Saved entries:
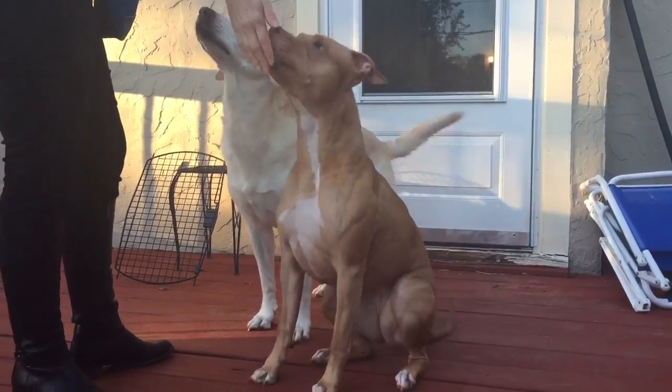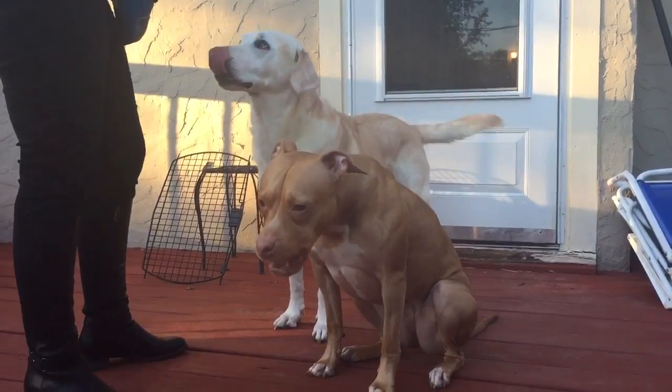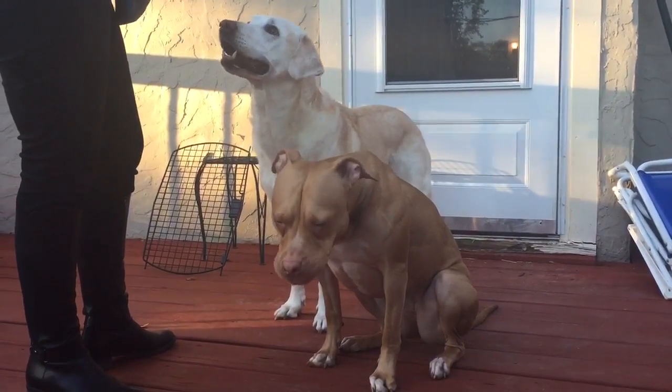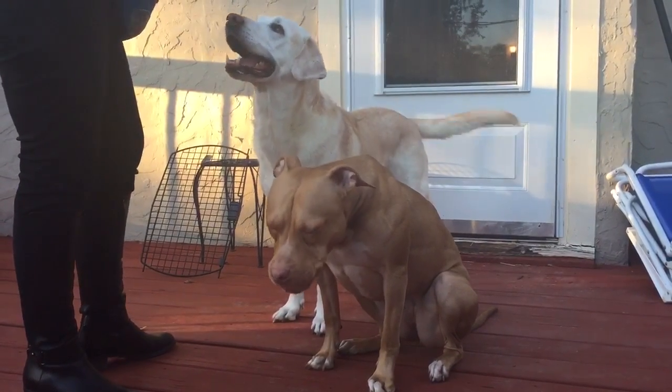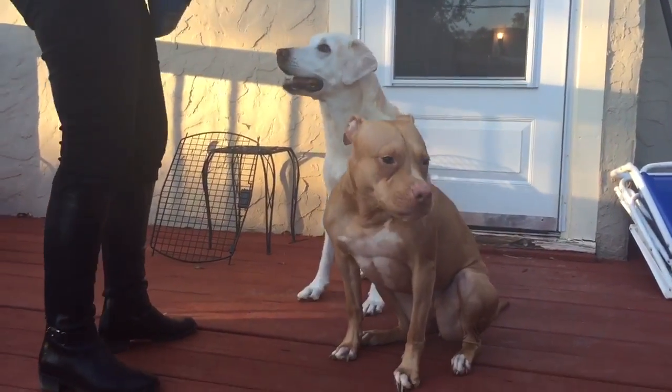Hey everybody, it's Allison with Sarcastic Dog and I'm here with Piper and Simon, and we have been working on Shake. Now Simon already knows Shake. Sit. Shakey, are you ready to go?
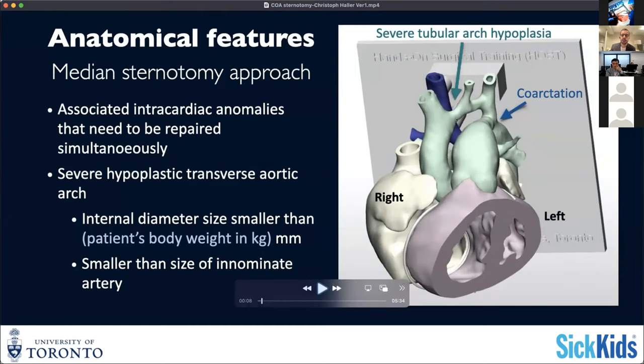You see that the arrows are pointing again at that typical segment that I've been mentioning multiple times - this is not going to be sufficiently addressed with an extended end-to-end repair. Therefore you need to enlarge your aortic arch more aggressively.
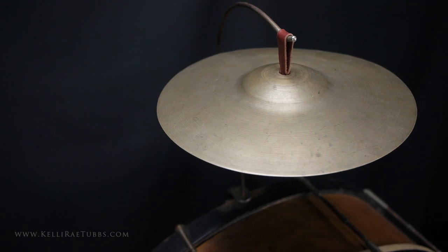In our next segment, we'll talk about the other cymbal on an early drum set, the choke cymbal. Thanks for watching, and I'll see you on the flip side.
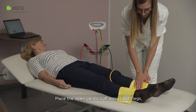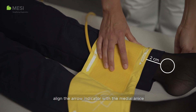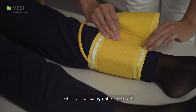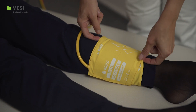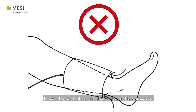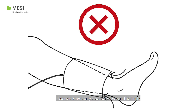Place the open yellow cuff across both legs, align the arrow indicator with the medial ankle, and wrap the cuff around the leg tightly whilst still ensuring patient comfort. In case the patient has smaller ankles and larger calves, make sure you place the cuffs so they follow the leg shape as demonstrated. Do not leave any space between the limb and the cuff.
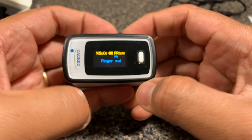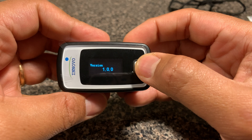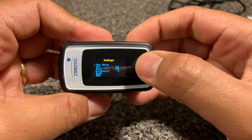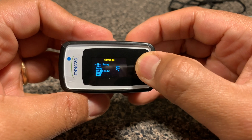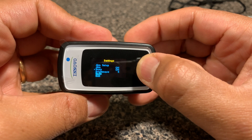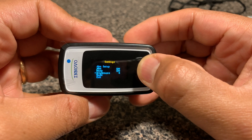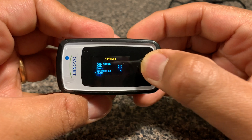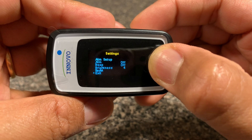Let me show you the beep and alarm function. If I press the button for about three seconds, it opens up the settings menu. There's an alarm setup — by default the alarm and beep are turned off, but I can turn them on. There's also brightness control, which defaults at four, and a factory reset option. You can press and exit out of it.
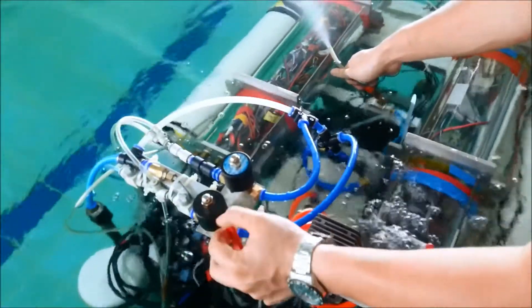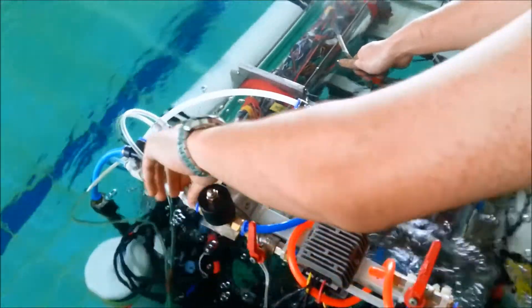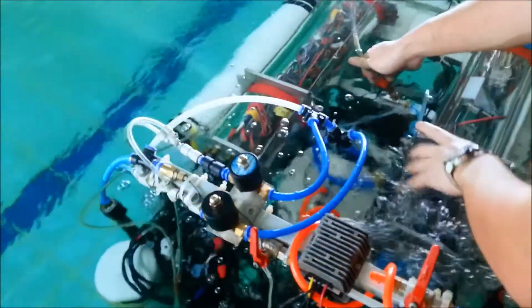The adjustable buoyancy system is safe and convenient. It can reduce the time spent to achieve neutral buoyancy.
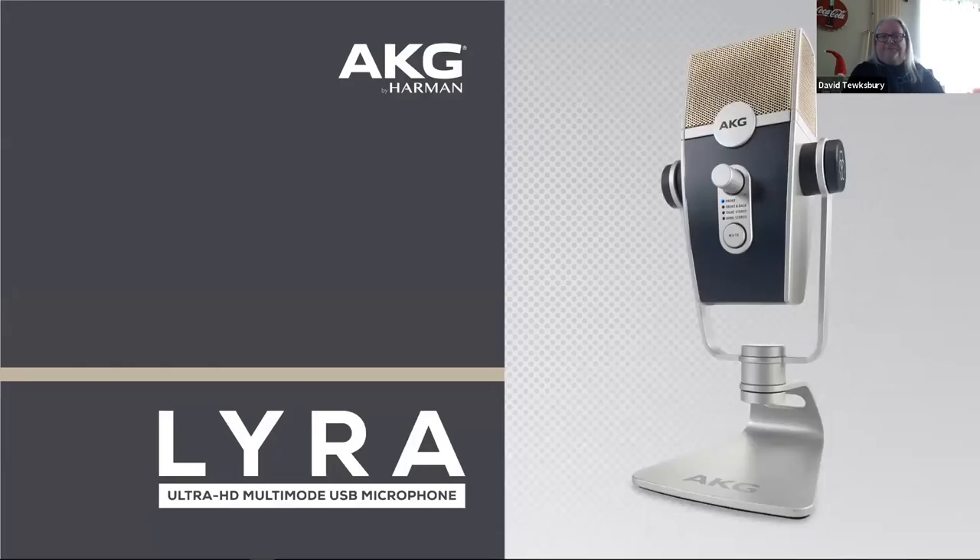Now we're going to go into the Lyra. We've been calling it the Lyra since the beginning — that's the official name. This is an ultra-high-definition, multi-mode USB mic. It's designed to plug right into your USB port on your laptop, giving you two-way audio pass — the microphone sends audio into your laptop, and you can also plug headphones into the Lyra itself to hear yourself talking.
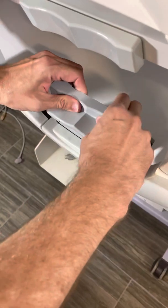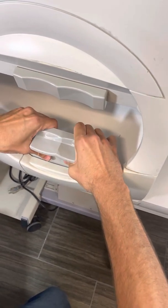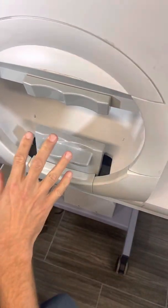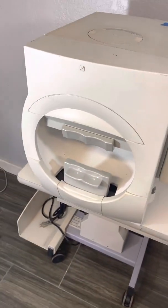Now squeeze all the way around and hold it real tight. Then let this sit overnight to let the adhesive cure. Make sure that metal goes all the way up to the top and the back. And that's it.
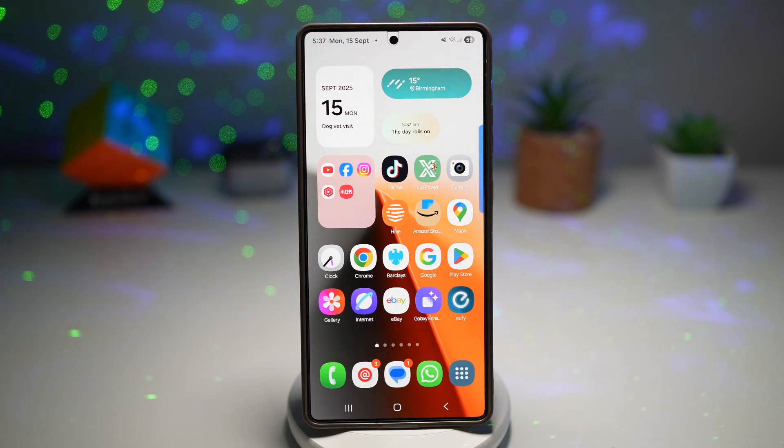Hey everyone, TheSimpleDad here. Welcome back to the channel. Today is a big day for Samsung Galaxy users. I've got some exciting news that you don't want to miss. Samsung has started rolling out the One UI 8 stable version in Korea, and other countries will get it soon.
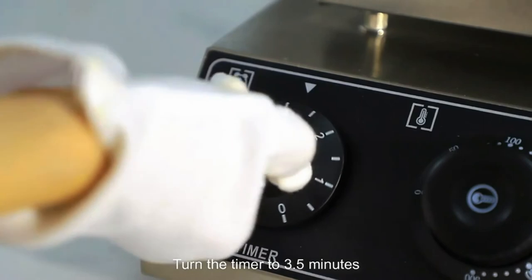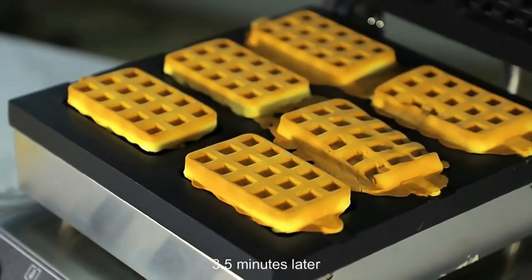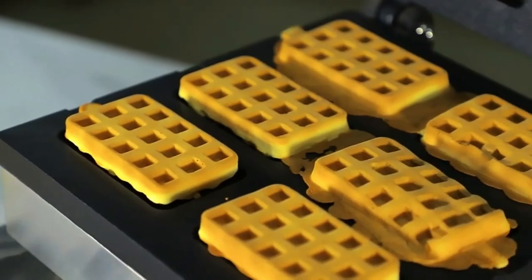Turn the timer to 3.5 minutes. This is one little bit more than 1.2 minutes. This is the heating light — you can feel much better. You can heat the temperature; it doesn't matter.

* THE PROBLEM *
Although the records contain pictures, only their text should be repeated, exactly as it appears.

* SOLUTION FOR THIS TASK *
Hey everybody, it's Allison with Sarcastic Dog and I'm here with Piper and Simon, and we have been working on Shake. Now Simon already knows Shake. Sit. Shakey, are you ready to go?
You see that the arrows are pointing again at that typical segment that I've been mentioning multiple times - this is not going to be sufficiently addressed with an extended end-to-end repair. Therefore you need to enlarge your aortic arch more aggressively.
In our next segment, we'll talk about the other cymbal on an early drum set, the choke cymbal. Thanks for watching, and I'll see you on the flip side.
Place the open yellow cuff across both legs, align the arrow indicator with the medial ankle, and wrap the cuff around the leg tightly whilst still ensuring patient comfort. In case the patient has smaller ankles and larger calves, make sure you place the cuffs so they follow the leg shape as demonstrated. Do not leave any space between the limb and the cuff.
Let me show you the beep and alarm function. If I press the button for about three seconds, it opens up the settings menu. There's an alarm setup — by default the alarm and beep are turned off, but I can turn them on. There's also brightness control, which defaults at four, and a factory reset option. You can press and exit out of it.
The adjustable buoyancy system is safe and convenient. It can reduce the time spent to achieve neutral buoyancy.
Now we're going to go into the Lyra. We've been calling it the Lyra since the beginning — that's the official name. This is an ultra-high-definition, multi-mode USB mic. It's designed to plug right into your USB port on your laptop, giving you two-way audio pass — the microphone sends audio into your laptop, and you can also plug headphones into the Lyra itself to hear yourself talking.
Now squeeze all the way around and hold it real tight. Then let this sit overnight to let the adhesive cure. Make sure that metal goes all the way up to the top and the back. And that's it.
Hey everyone, TheSimpleDad here. Welcome back to the channel. Today is a big day for Samsung Galaxy users. I've got some exciting news that you don't want to miss. Samsung has started rolling out the One UI 8 stable version in Korea, and other countries will get it soon.
Turn the timer to 3.5 minutes. This is one little bit more than 1.2 minutes. This is the heating light — you can feel much better. You can heat the temperature; it doesn't matter.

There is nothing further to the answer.